§ Task item
Please repeat every record below exactly as written, but leave out the pictures.

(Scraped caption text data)
------------------------------------
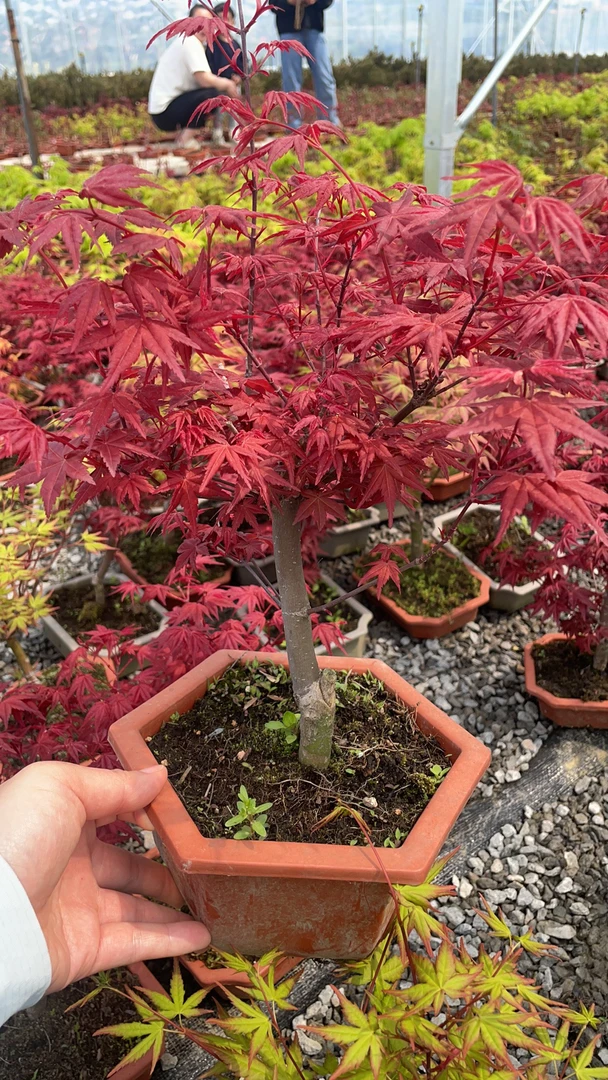 枫树盆景一物一拍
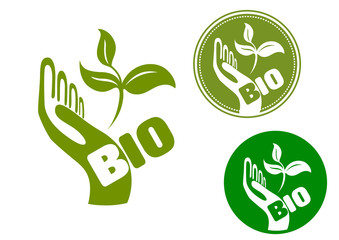 Bio concept with a hand holding leaves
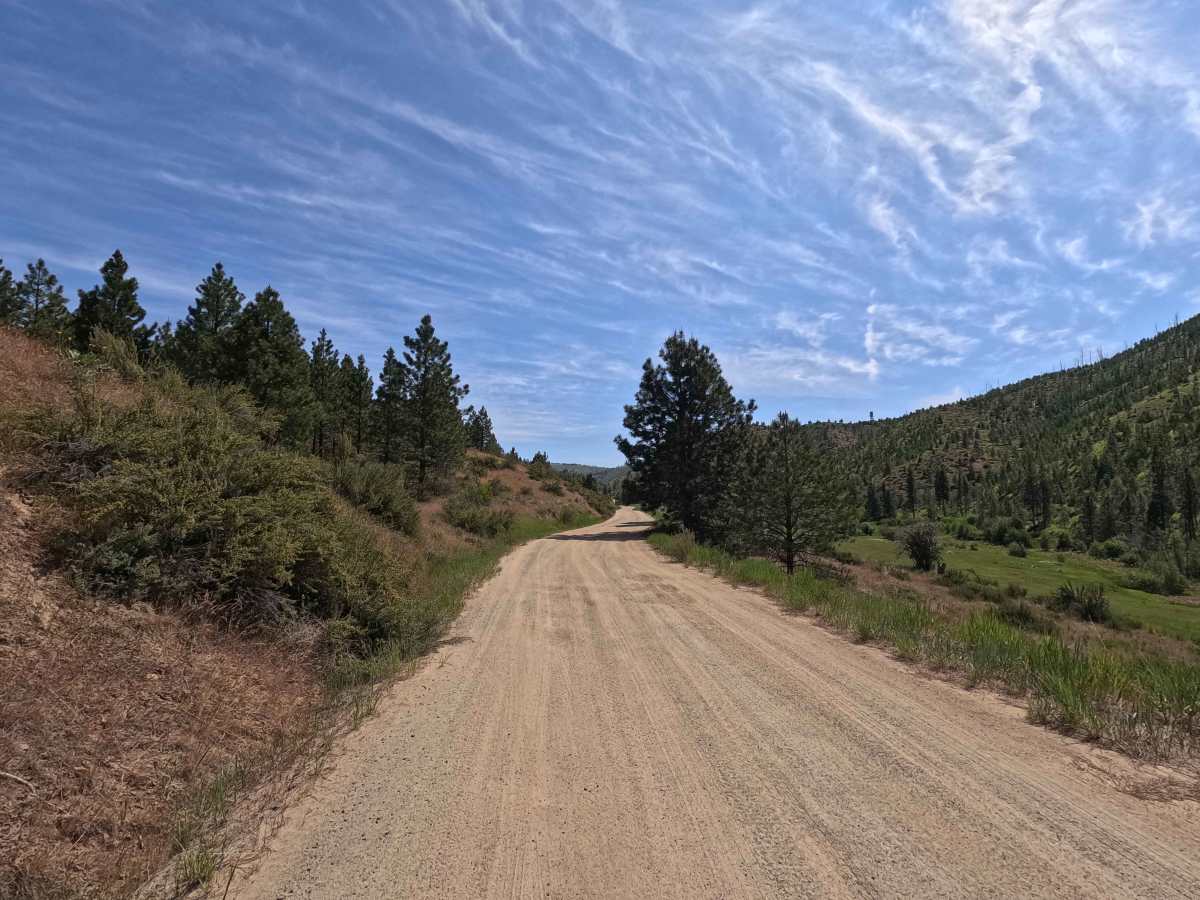 Mud Creek Road - FS 53 photo 3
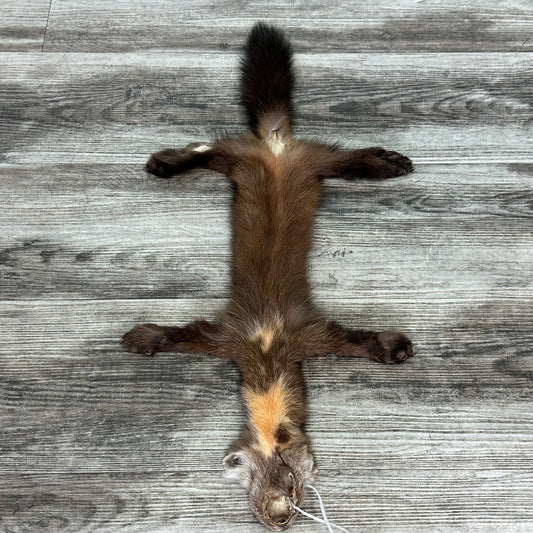 Peau - Martre #0001031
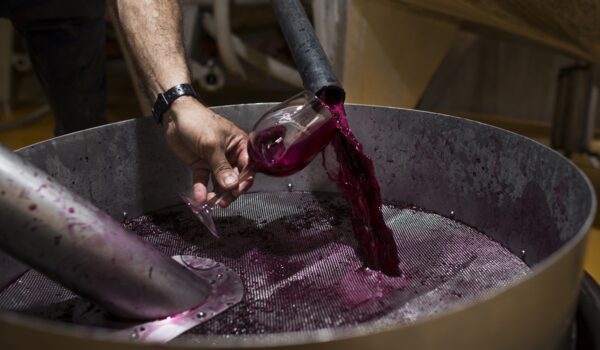 Vinho Uruguai
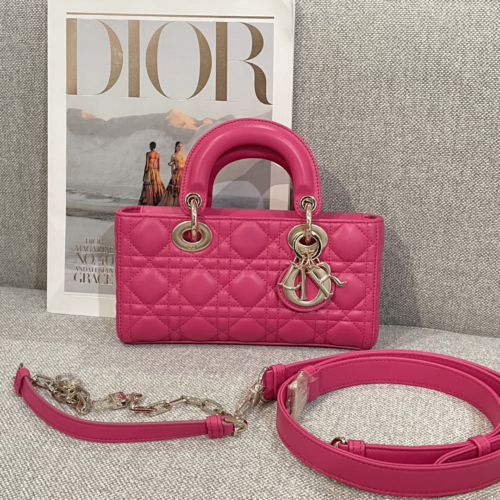 Dior D-joy Bag 22CM For God Factory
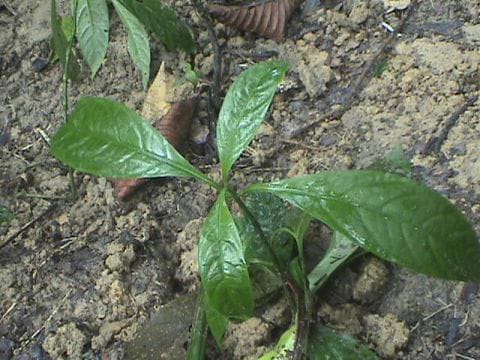 Daun Segugur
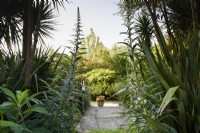 Steps to a sunken garden framed by flower spikes of Echium pininana in May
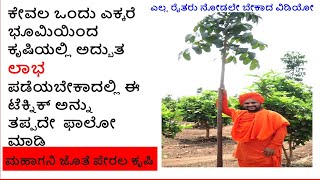 ಮಹಾಗನಿಯಲ್ಲಿ ಯಶಸ್ವಿ ಪೇರಲ(ಸೀಬೆ) ಕೃಷಿ(Mahogany with Guava Cultivation)-8660104878#Mahogany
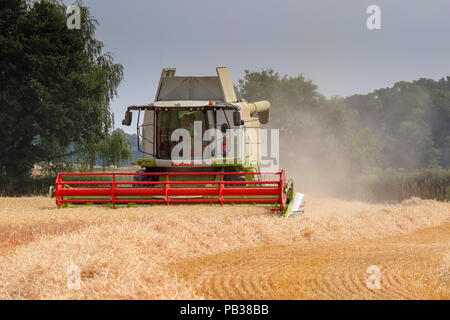 Edwinstowe, Nottinghamshire, Regno Unito. Xxv Luglio 2018, Nottinghamshire agricoltore la raccolta di cereali. Il raccolto del Regno Unito è ben al di sotto del titolo a partire fino a due settimane prima rispetto a quello normale e molti allevatori del Regno Unito si aspettano di riduzione delle rese di cereali a causa del prolungato asciutto e caldo. Credito: Mark fecce/Alamy Live News Foto Stock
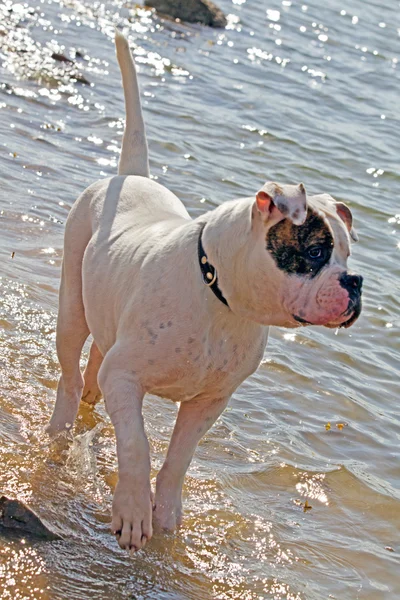 Fläckig amerikansk bulldog har kul i vatten — Stockfoto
------------------------------------
§ Your solution
 枫树盆景一物一拍
 Bio concept with a hand holding leaves
 Mud Creek Road - FS 53 photo 3
 Peau - Martre #0001031
 Vinho Uruguai
 Dior D-joy Bag 22CM For God Factory
 Daun Segugur
 Steps to a sunken garden framed by flower spikes of Echium pininana in May
 ಮಹಾಗನಿಯಲ್ಲಿ ಯಶಸ್ವಿ ಪೇರಲ(ಸೀಬೆ) ಕೃಷಿ(Mahogany with Guava Cultivation)-8660104878#Mahogany
 Edwinstowe, Nottinghamshire, Regno Unito. Xxv Luglio 2018, Nottinghamshire agricoltore la raccolta di cereali. Il raccolto del Regno Unito è ben al di sotto del titolo a partire fino a due settimane prima rispetto a quello normale e molti allevatori del Regno Unito si aspettano di riduzione delle rese di cereali a causa del prolungato asciutto e caldo. Credito: Mark fecce/Alamy Live News Foto Stock
 Fläckig amerikansk bulldog har kul i vatten — Stockfoto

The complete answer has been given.